A Variational Auto-Encoder Enabled Multi-Band Channel Prediction Scheme for Indoor Localization
This work addresses indoor localization for applications like VR/AR and smart homes, offering an incremental improvement over existing fingerprint-based methods.
The paper tackled the problem of indoor localization accuracy limited by multipath signal refraction by predicting channel state information across multiple frequency bands and splicing them together, achieving more precise localization results on both simulated COST 2100 data and real-time OFDM WiFi data from an office scenario.

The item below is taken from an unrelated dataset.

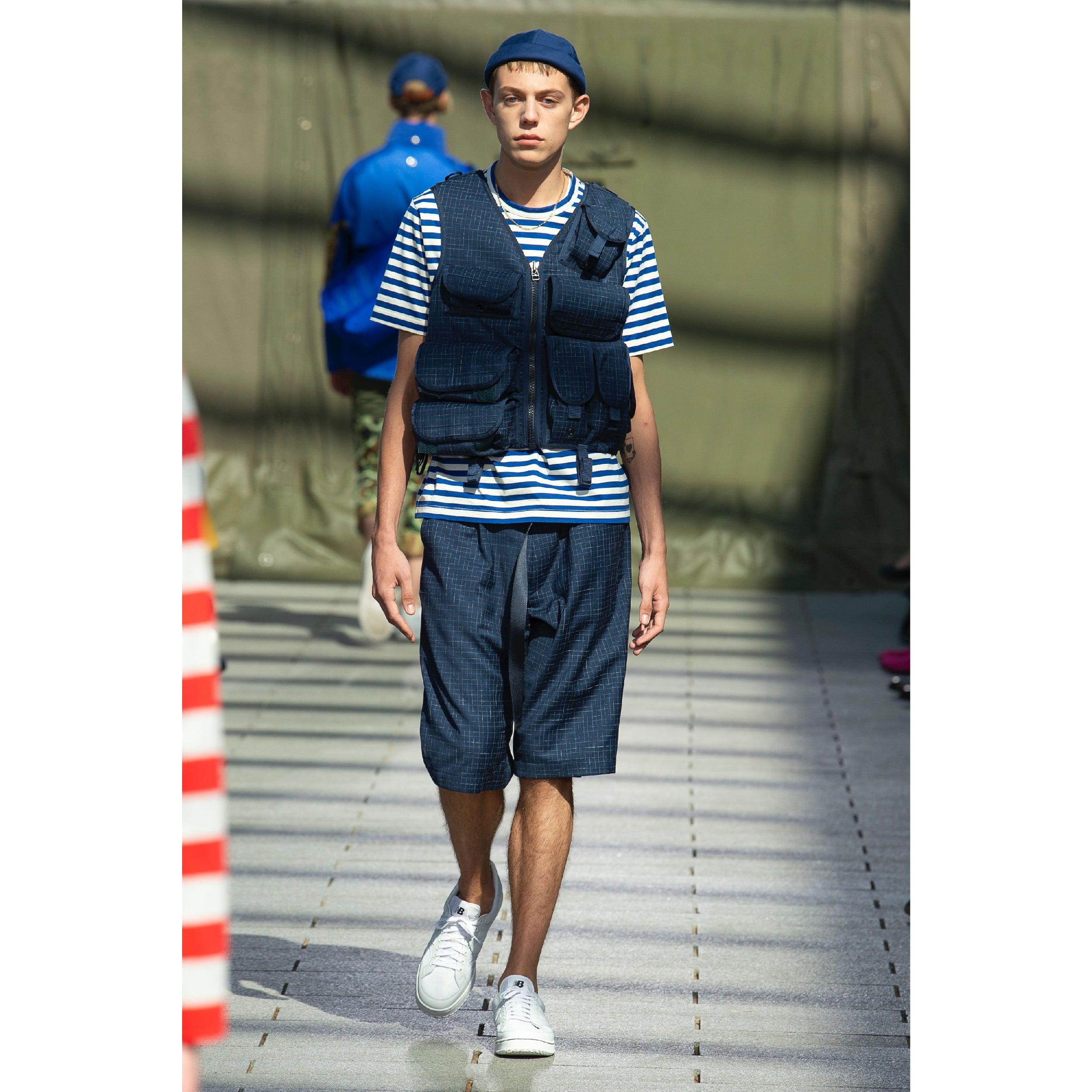 Junya Watanabe SS19 Size M Blue Yellow Grosgrain Utility Vest Shorts 3PC Set Pour hommes en vente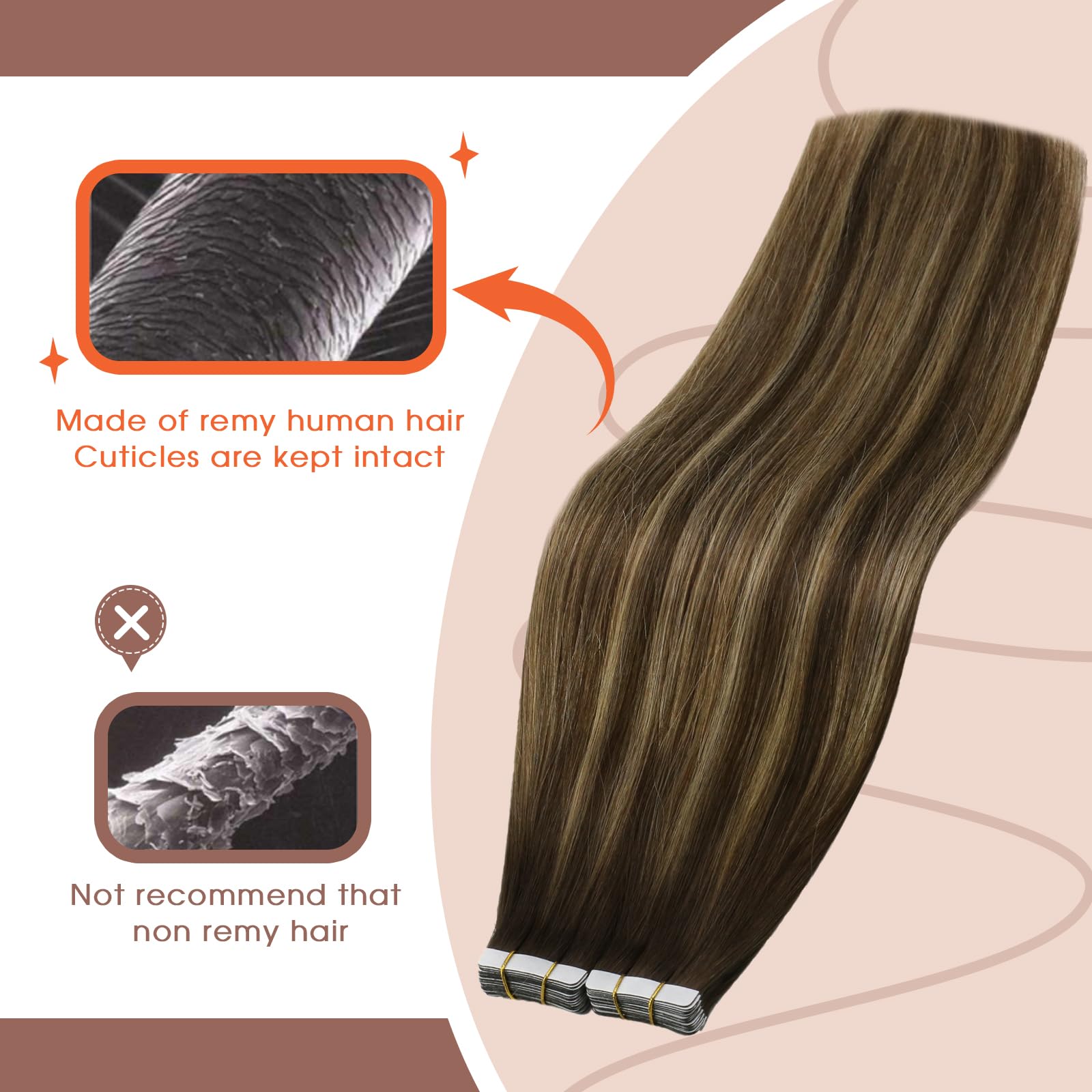 Foto 2 | Extensiones De Cabello Con Cinta Adhesiva Sunny Hair Brown Balayage De 14 Pulgadas - Venta Internacional.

Indoor localization is getting increasing demands for various cutting-edged technologies, like Virtual/Augmented reality and smart home. Traditional model-based localization suffers from significant computational overhead, so fingerprint localization is getting increasing attention, which needs lower computation cost after the fingerprint database is built. However, the accuracy of indoor localization is limited by the complicated indoor environment which brings the multipath signal refraction. In this paper, we provided a scheme to improve the accuracy of indoor fingerprint localization from the frequency domain by predicting the channel state information (CSI) values from another transmitting channel and spliced the multi-band information together to get more precise localization results. We tested our proposed scheme on COST 2100 simulation data and real time orthogonal frequency division multiplexing (OFDM) WiFi data collected from an office scenario.